The required output holds only the lines from the one containing "Logo Eurosport Player." through the end of the material below, copied exactly, please, with no pictures.

Source information:
+ + +

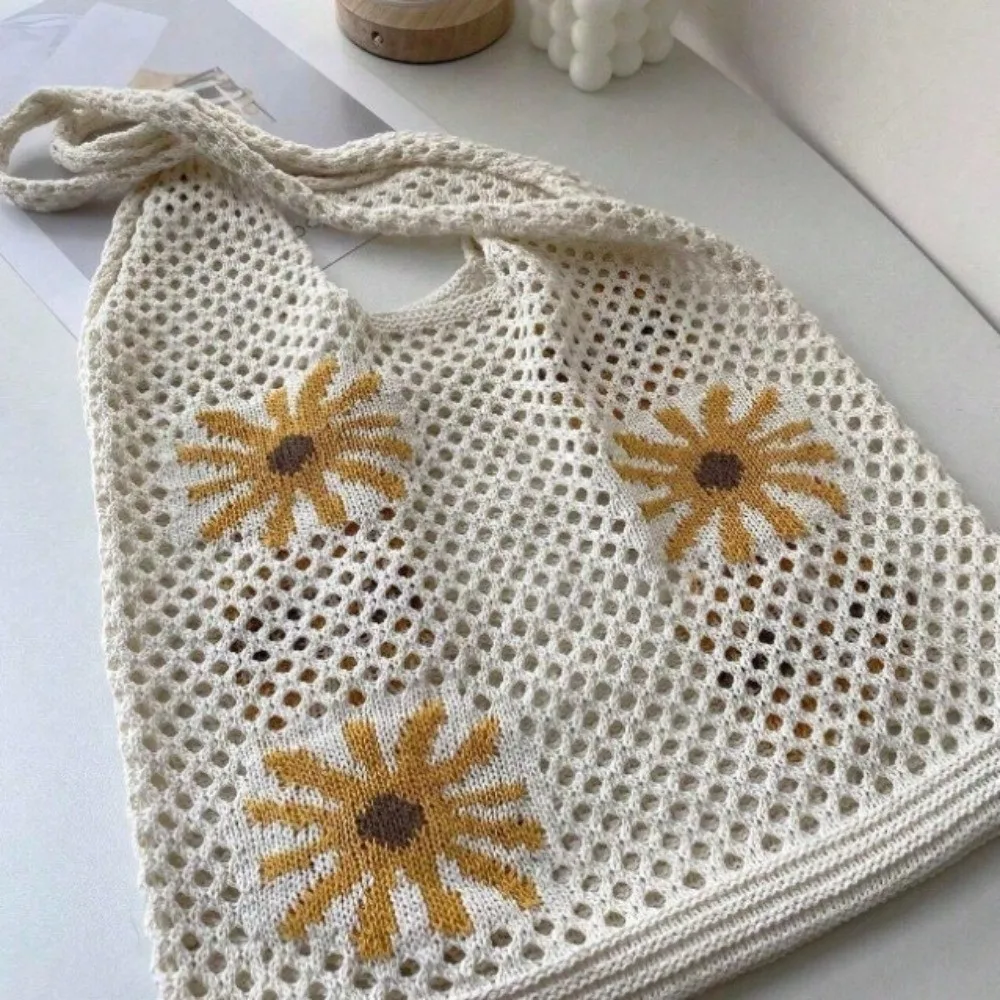 Travel Retro Crochet Tote Bag Flowers Pattern Large Capacity Beach Knitting Bag Simple Eco-Friendly Hollow Shoulder Bag Daily
Travel Retro Crochet Tote Bag Flowers Pattern Large Capacity Beach Knitting Bag Simple Eco-Friendly Hollow Shoulder Bag Daily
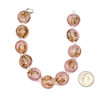 Handmade Lampwork Glass 16mm Pink Coin Beads with Silver and Gold Foil Swirls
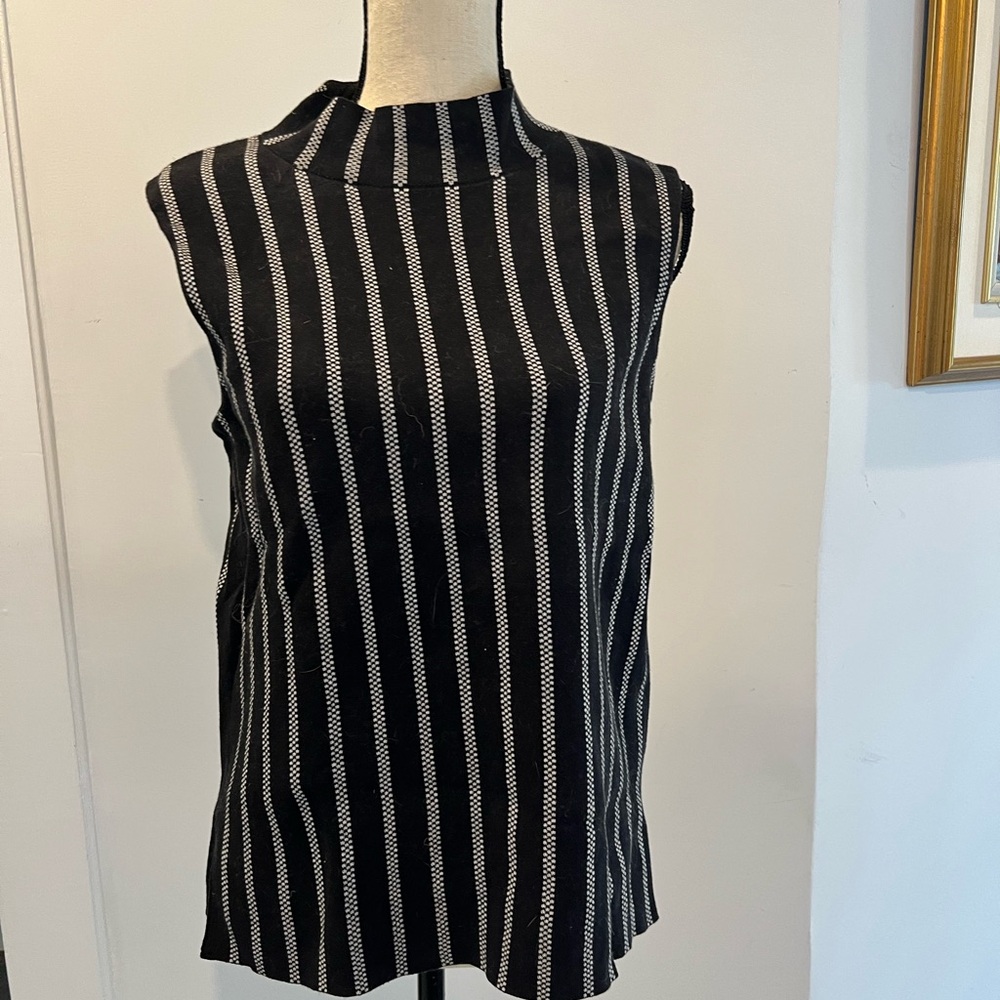 Moth Black and White Striped Sleeveless Top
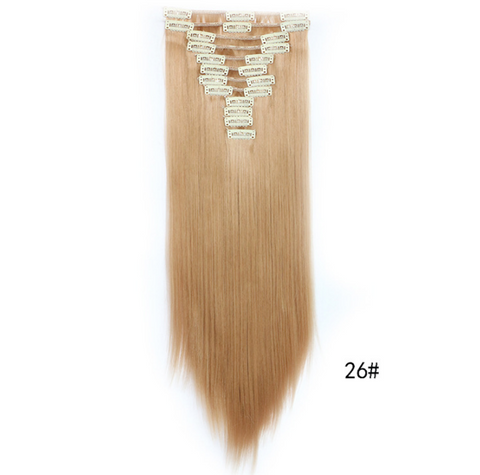 Straight hair wig piece clip hairless hair extension piece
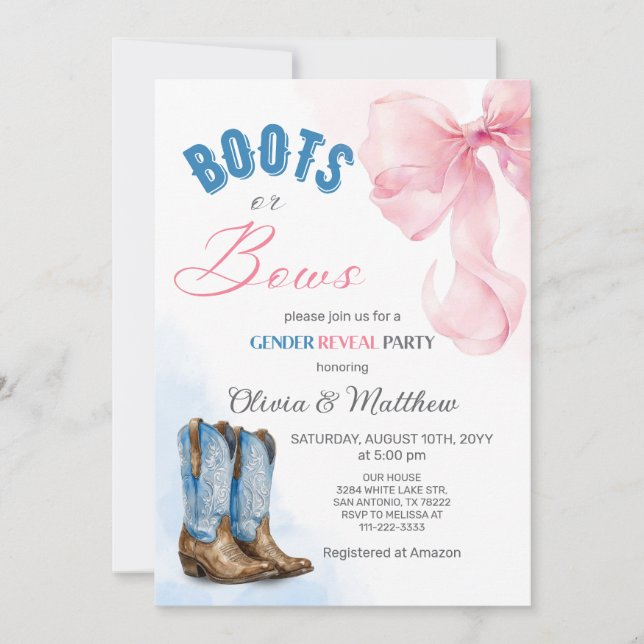 Convite para a Festa de Revelação de Gênero: Botas (Frente)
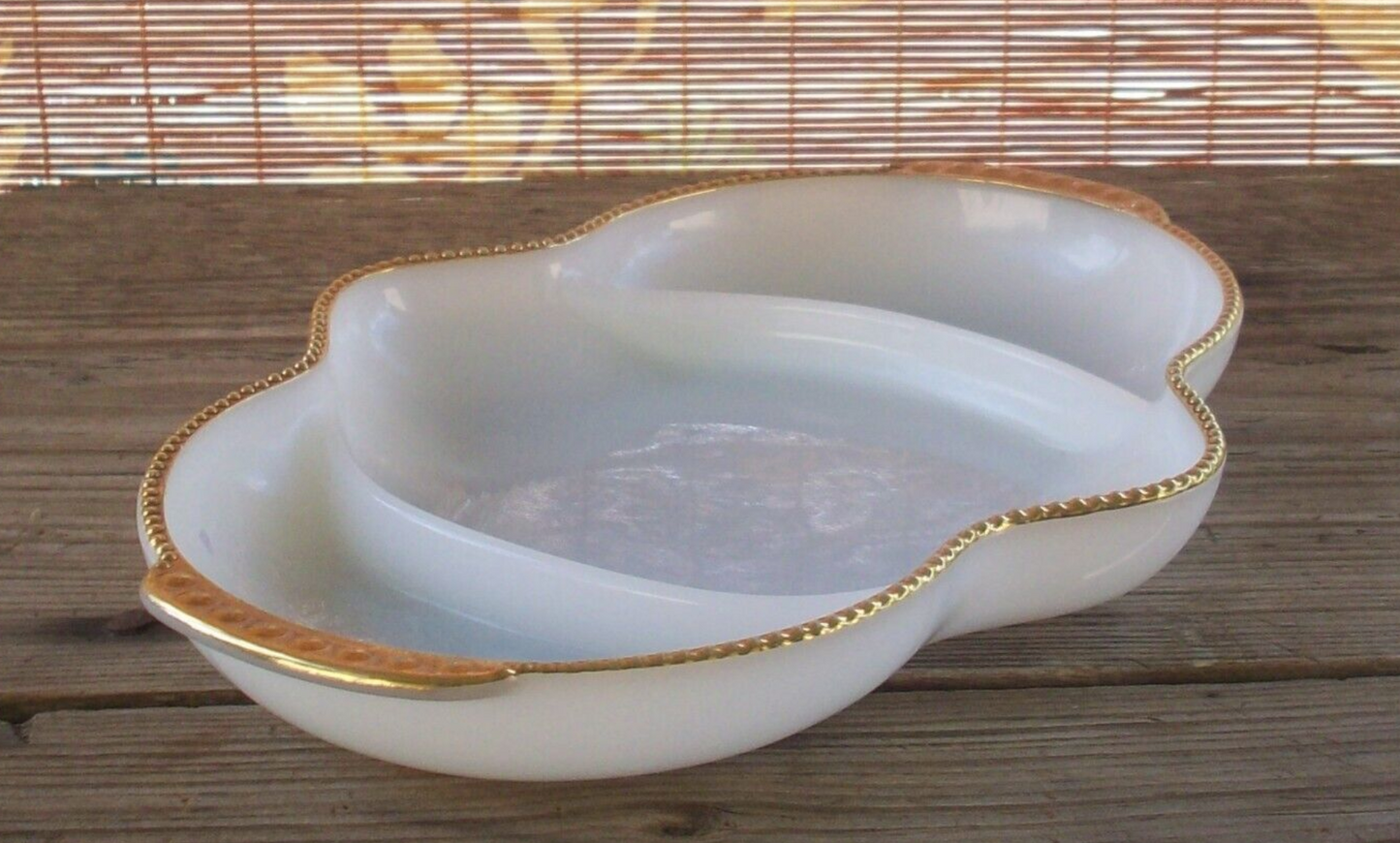 Vintage Fire King Divided Dish Milk Glass Tray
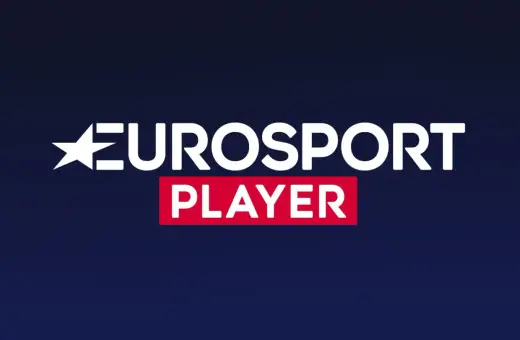 Logo Eurosport Player. Oglądaj ulubione sporty na żywo i na żądanie.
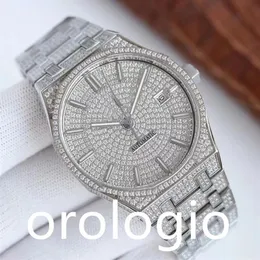 Yeni Tamamen Delilmiş Erkek Saat Otomatik Mekanik İzleme 41mm Diamondencrusted İnce Çelik Bilezik Moda İşi Montre De Luxe317H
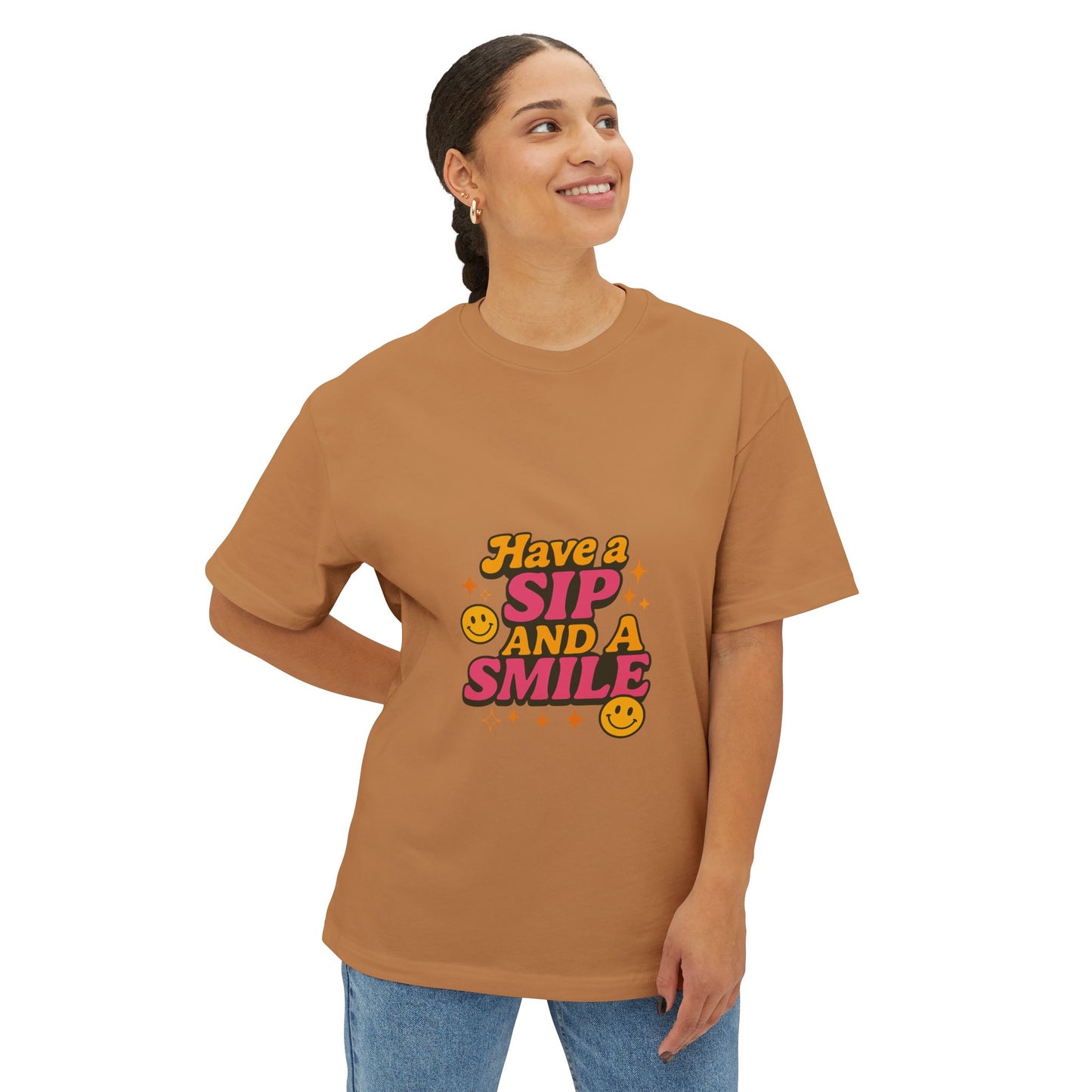 Have a Sip and a Smile Tee — Retro Smiley Graphic T‑Shirt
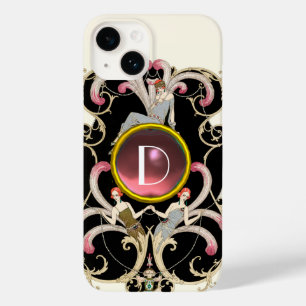 COQUES POUR iPhone ART DÉCO BEAUTÉ MODE ROSE ROSE MONOGRAMME EN PIERR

+ + +

Worked solution:
 Logo Eurosport Player. Oglądaj ulubione sporty na żywo i na żądanie.
 Yeni Tamamen Delilmiş Erkek Saat Otomatik Mekanik İzleme 41mm Diamondencrusted İnce Çelik Bilezik Moda İşi Montre De Luxe317H
 Have a Sip and a Smile Tee — Retro Smiley Graphic T‑Shirt
 COQUES POUR iPhone ART DÉCO BEAUTÉ MODE ROSE ROSE MONOGRAMME EN PIERR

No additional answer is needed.